En realidad, Jesús se propone a sí mismo como objeto de un anuncio público e intrépido. Se trata de declararse a favor o en contra de él. Semejante pretensión sólo puede nacer de la conciencia de su mismidad, a saber, de su condición divina. De otro modo, sería un despropósito que la vida o la muerte de un hombre dependiera de la adhesión a otro semejante. Ya decía Romano Guardini que las afirmaciones de Jesús sobre sí mismo sólo puede hacerlas un loco o alguien que, en realidad, es Dios. Del mismo modo que la exhortación a dar la vida por él sólo se explica si él es la vida con mayúscula que puede recrear la vida física que el mártir pierde por él. Este es en definitiva el núcleo de lo que dice Jesús.

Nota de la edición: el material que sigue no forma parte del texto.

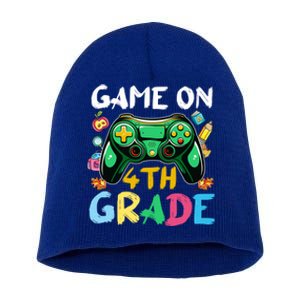 Game On 4Th Grade Back To School Gamer Gaming Gamer Gift Short Acrylic Beanie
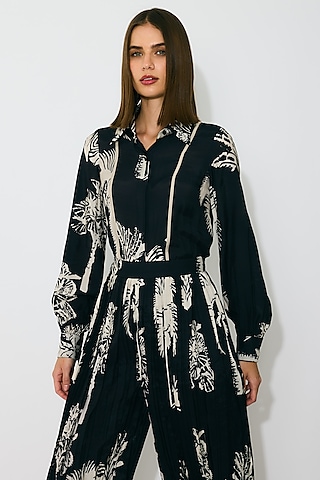 Black & Beige Muslin Cotton Silk Floral Printed Shirt by Koai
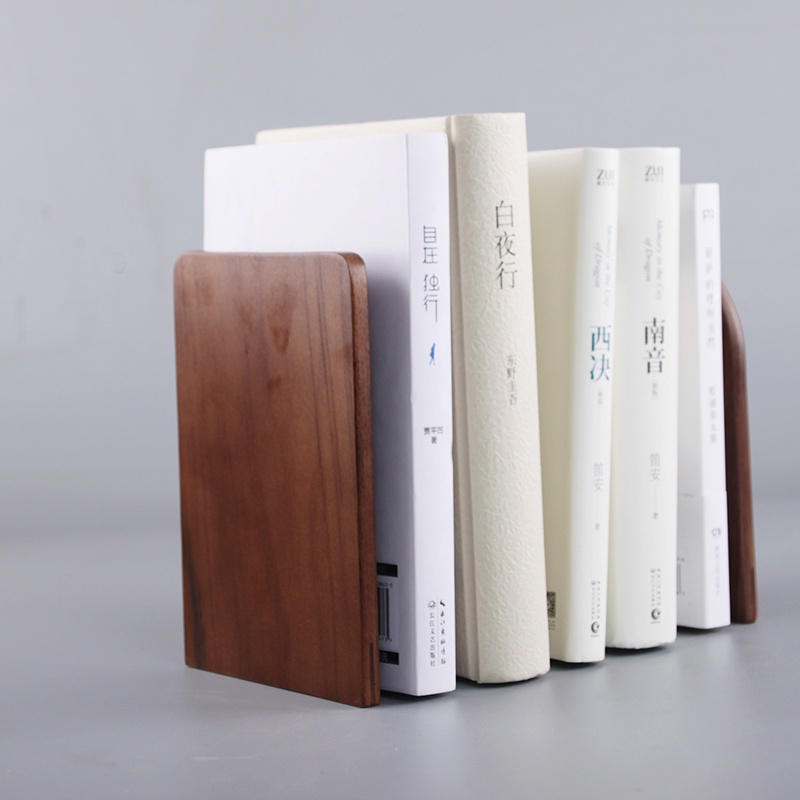 Japanese Creative Walnut Bookend Shelf Beech Student Bookshelf Book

En la exégesis bíblica y en la teología contemporánea cada vez se avanza más en la autoconciencia de Jesús como Hijo de Dios y enviado del Padre. La reducción de Jesús a simple ser humano, por gran profeta o místico que fuera, no puede sustentar el andamiaje dogmático del cristianismo. La gran obra de Henri de Lubac, titulada Catolicismo, lleva por subtítulo aspectos sociales del dogma. Esta obra ha revolucionado la teología moderna al establecer el «dogma» como fundamento de la vida humana en todas sus dimensiones, incluso de las que tenemos por más nimias. Dicho de otro modo: el dogma no se reduce a meros enunciados de fe, sino que engloba toda la vida; al igual que la vida humana en su integridad debe ser, para el cristiano, «confesión pública e intrépida de la fe». Así lo entendieron los mártires, que son prototipo de los cristianos. Y vivieron así porque habían entendido que ponerse a favor o en contra de Jesús es, en último término, la decisión radical de la fe, el único modo de hacerla posible.